- Born: Linda Jane Colley 13 September 1949 (age 76) Chester, Cheshire, England
- Spouse: Sir David Cannadine ​(m. 1982)​
- Awards: Wolfson Prize (1992) Guggenheim Memorial Fellowship (2017) Howard T. Behrman Award for Distinguished Achievement in the Humanities (2025)

Academic work
- Discipline: History
- Sub-discipline: British History; World History; Constitutional History;
- Institutions: Newnham College, Cambridge; Girton College, Cambridge; Christ's College, Cambridge; Yale University; London School of Economics; Princeton University;
- Website: http://lindacolley.com/

= Linda Colley =

British historian and academic

Dame Linda Jane Colley (born 13 September 1949) is an expert on British, imperial and global history from 1700. She is currently Shelby M.C. Davis 1958 Professor of History at Princeton University. She previously held chairs at Yale University and at the London School of Economics. Her work frequently approaches the past from inter-disciplinary perspectives.

==Personal life==
Colley is married to fellow historian Professor Sir David Cannadine.
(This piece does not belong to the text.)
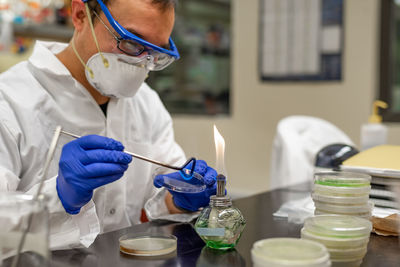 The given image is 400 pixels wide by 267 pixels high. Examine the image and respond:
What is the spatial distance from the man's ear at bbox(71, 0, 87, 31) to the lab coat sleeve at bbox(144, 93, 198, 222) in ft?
1.51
==Early life and education==
Linda Colley took her first degree in history at Bristol University before completing a doctorate on the Tory Party in the eighteenth century at the University of Cambridge, supervised by John H. Plumb. She subsequently held a Research Fellowship at Girton College, a joint lectureship in history at Newnham and King's Colleges, and in 1979 was appointed the first woman Fellow at Christ's College, where she is now an Honorary Fellow.

==Academic Career==

Colley's first book, In Defiance of Oligarchy: The Tory Party 1714-1760 (1982), challenged the then dominant view by arguing that the Tory Party remained active and influential during its years out of power, exploring the consequences of this for the evolution of ideas, popular politics and political action in eighteenth century England and Wales. Britons: Forging the Nation 1707–1837 (1992), which won the Wolfson History Prize and has passed through five editions, investigated how – and how far – inhabitants of England, Scotland, and Wales came to see themselves as British over the course of the 18th and early 19th centuries.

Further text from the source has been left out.